First build up lists of barcodes onlists needed for this protocol the names will be passed to the template.

In [None]:
# this dictionary is team_id: Chemistry: template_filename

y2ave_templates = {
    "Team_1": { # filename in example seqspec matched Team_1.tsv
        "10x_multiome": "y2ave_characterization_mcginnis.yaml.j2",
    },
    "Team_2": { # filenames in table reference CharacterizationMcGinnis
        "10x_multiome": "y2ave_characterization_mcginnis.yaml.j2",        
    },
    "Team_3": {
        "10x_multiome": None,
        "10x_v2": None,
    },
    "Team_4": {
        "10x_v2": None,
    },
    "Team_5": {
        "10x_multiome": None,
        "10x_v2": None,
    },
    "Team_6": { # filename in example seqspec matched Team_6.tsv
        "10x_v2": "y2ave_10xsnatac.yaml.j2",
    },
    "Team_7": { # my team
        "10x_multiome": "y2ave_10xmultiome_bridge_satpathy.yaml.j2",
        "parse": "y2ave_parse_bridge.yaml.j2",
    },
    "Team_8": { # only one shareseq team
        "shareseq": "y2ave_shareseq_bmmc_single_donor.yaml.j2",
    }
}

def format_template_filename(filenames):
    if len(filenames) == 0:
        return ""
    else:
        return Path(filenames[0]).name

def render_seqspec(team_id, row):
    context = {
        "ATAC_barcode": format_template_filename(row["ATAC_barcode"]),
        "ATAC_fastq_R1": format_template_filename(row["ATAC_fastq_R1"]),
        "ATAC_fastq_R2": format_template_filename(row["ATAC_fastq_R2"]),
        "RNA_fastq_R1": format_template_filename(row["RNA_fastq_R1"]),
        "RNA_fastq_R2": format_template_filename(row["RNA_fastq_R2"]),
    }

    # load the template and instantiate it with the context for this specific measurement set.
    # this version needs the libspec branch that separates the sequence and library specifications
    template = env.get_template(y2ave_templates[team_id][row["Chemistry"]])

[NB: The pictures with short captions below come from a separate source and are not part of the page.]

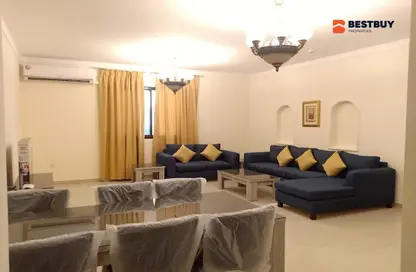 Apartment - 2 Bedrooms - 2 Bathrooms for rent in Al Juffair - Capital Governorate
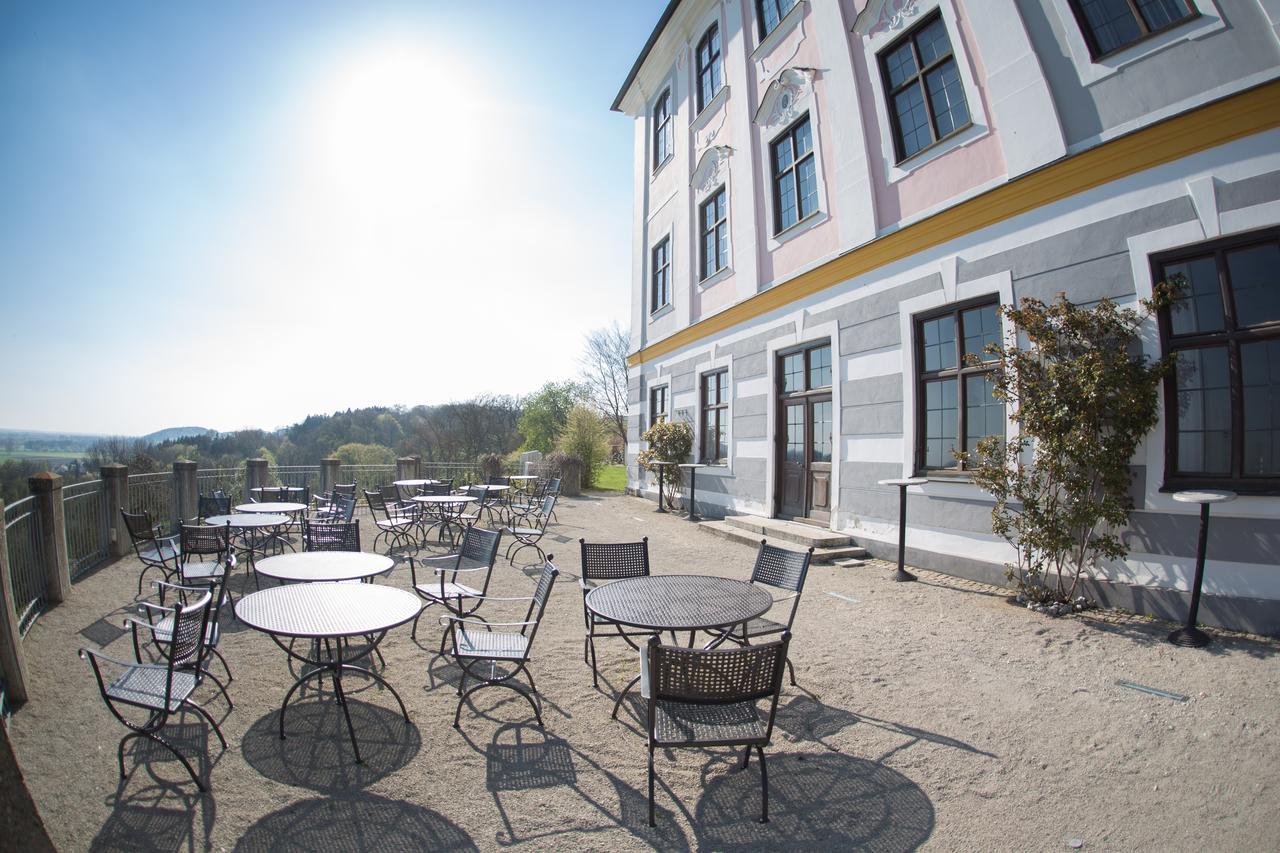 Hotel Schloss Leitheim Εξωτερικό φωτογραφία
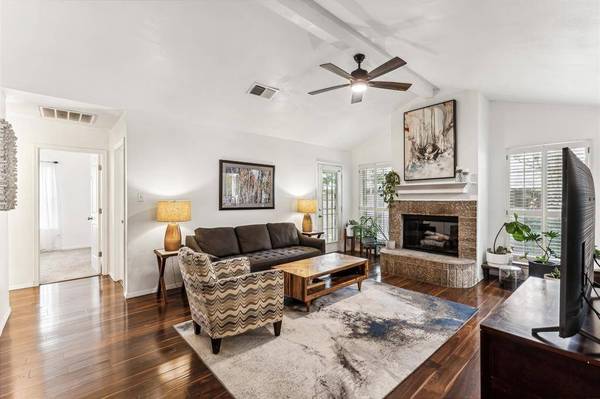 10252 Sunset View Drive, Fort Worth, TX 76108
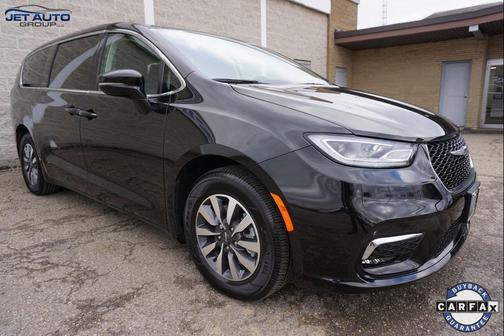 2022 Chrysler Pacifica Hybrid Touring L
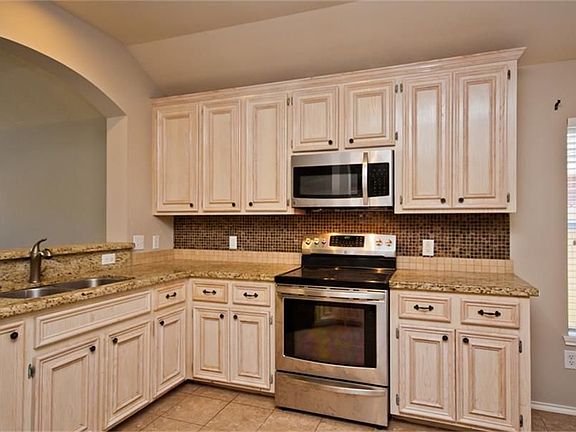 2nd image of 1518 Lake Buchanan Ct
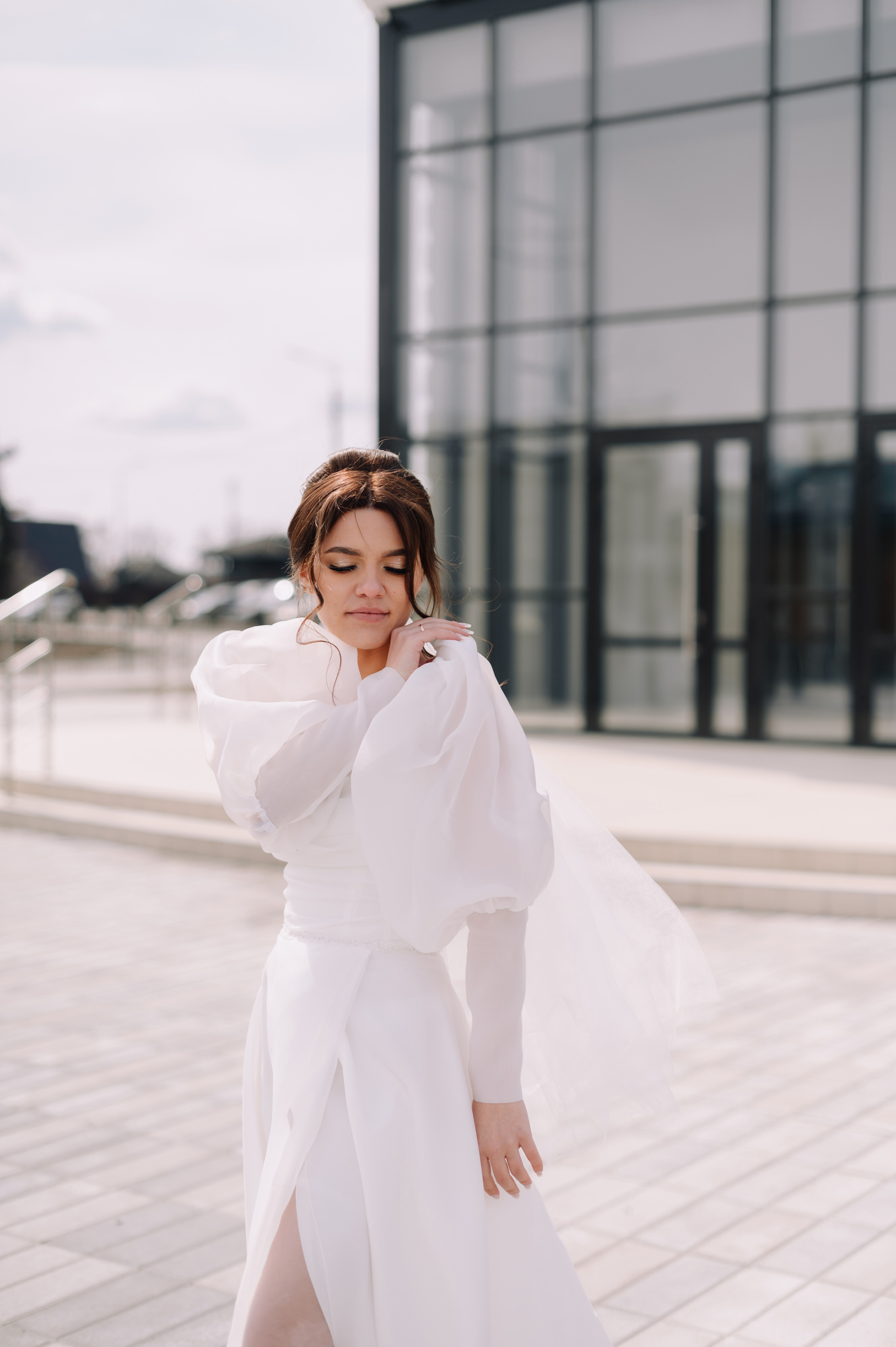 Свадебная прогулка у Драмтеатра. Фотограф в Абакане и Минусинске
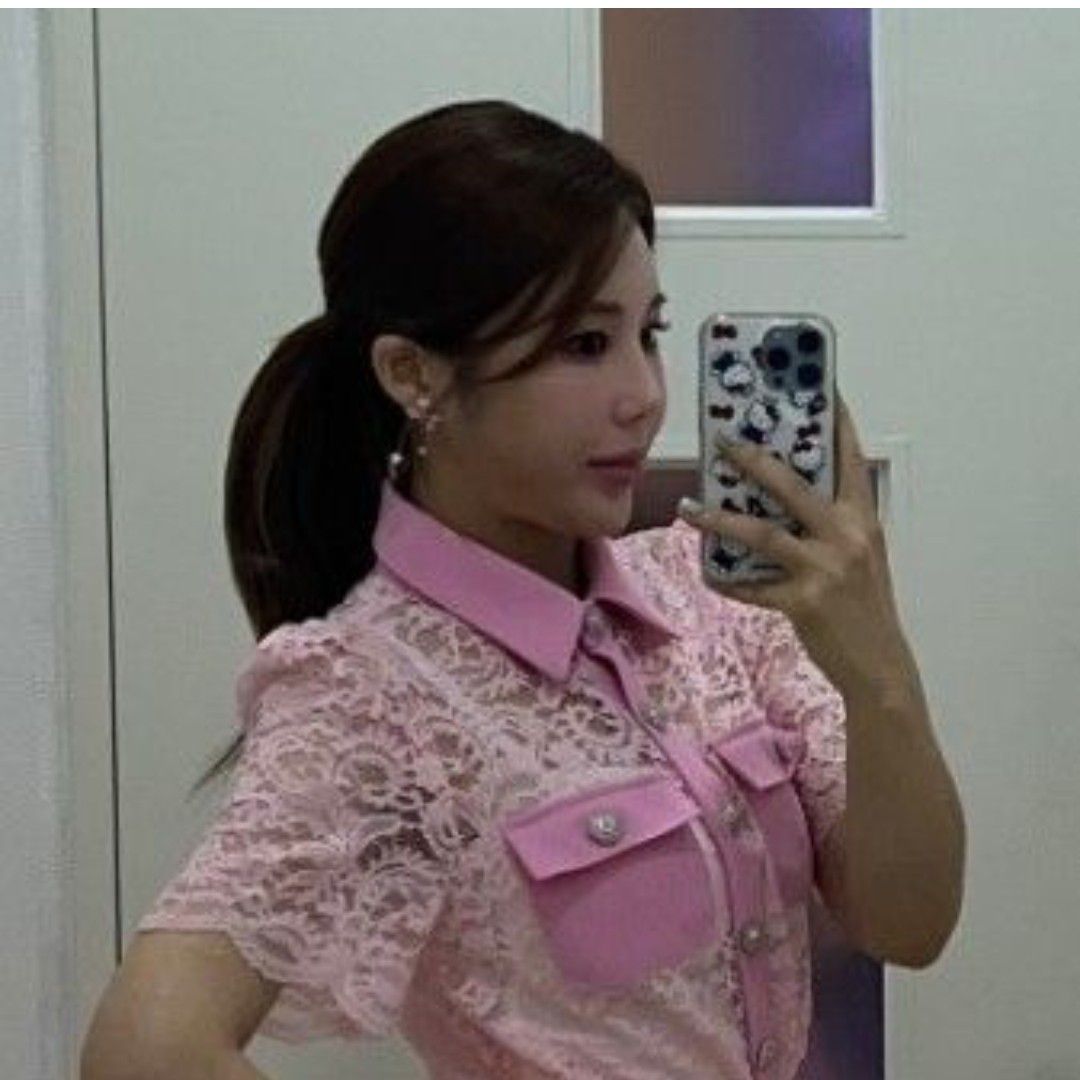 Recent activity shot of Kim Soyou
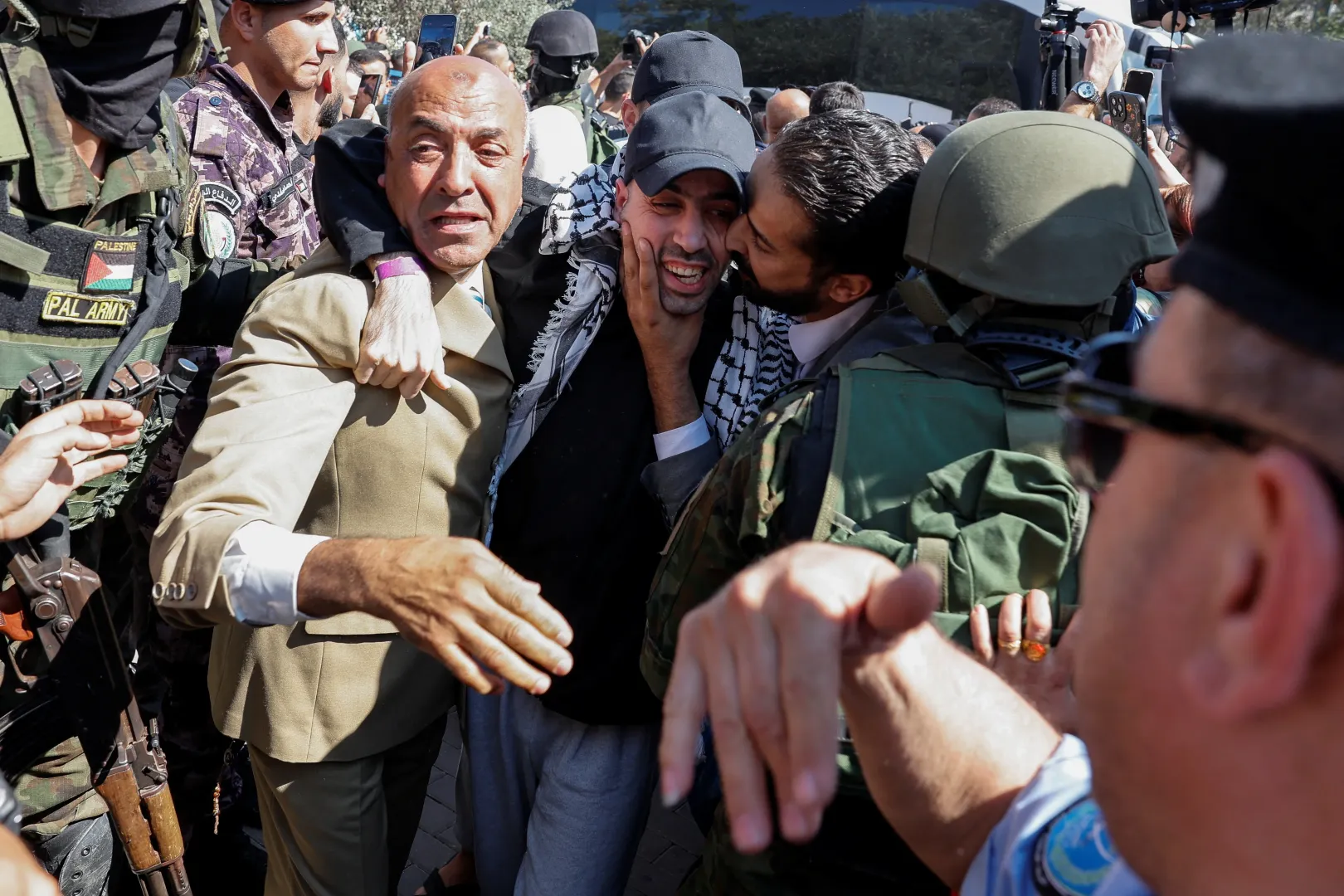 Egy szabadon engedett palesztin foglyot fogadnak a ciszjordániai Ramallah városában, 2025. október 13-án – Fotó: Ammar Awad / Reuters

    # this version needs the original version that merges the sequence and library specification concepts
    #parse_wt_mega_v2 = env.get_template("parse-wt-mega-v2-single-index-seqspec-0.yaml.j2")

    example_yaml = template.render(context)

    # validate the generated seqspec file.
    example_spec = load_spec_stream(StringIO(example_yaml))
    seqspec_validate(seqspec_schema, example_spec.to_dict())
    
    return example_yaml

## print example seqspec

Change the team id and iloc (0-based row number) to generate different specific seqspecs

In [None]:
# Print the example for evaluation.
team_id = "Team_2"
example_yaml = render_seqspec(team_id, load_team_table(team_id).iloc[1])
print(example_yaml)

## generate seqspec charts

Intended to help double check the seqspec file

In [None]:
example_spec = load_spec_stream(StringIO(example_yaml))
print(run_print_library_tree(example_spec))

In [None]:
run_print_library_png(example_spec)

# Generate team seqspec tarfile

Once everything looks good, generate a tarfile of all the seqspecs for a team table change team_id here to pick the table you want.

In [None]:
def save_team_seqspecs(team_id, table):
    destination = f"{team_id}_seqspecs.tar.gz"
    with tarfile.open(destination, "w:gz") as archive:
        for i, row in table.iterrows():
            row_name = row[0]
            print("Processing {}".format(row_name))
            spec_yaml = render_seqspec(team_id, row)
            spec_stream = BytesIO(spec_yaml.encode("utf-8"))
            spec_filename = f"{team_id}_{row_name}_seqspec.yaml"
            spec_tarinfo = tarfile.TarInfo(str(spec_filename))
            spec_tarinfo.size = len(spec_yaml)
            archive.addfile(spec_tarinfo, fileobj=spec_stream)


team_id = "Team_7"
save_team_seqspecs(team_id, load_team_table(team_id))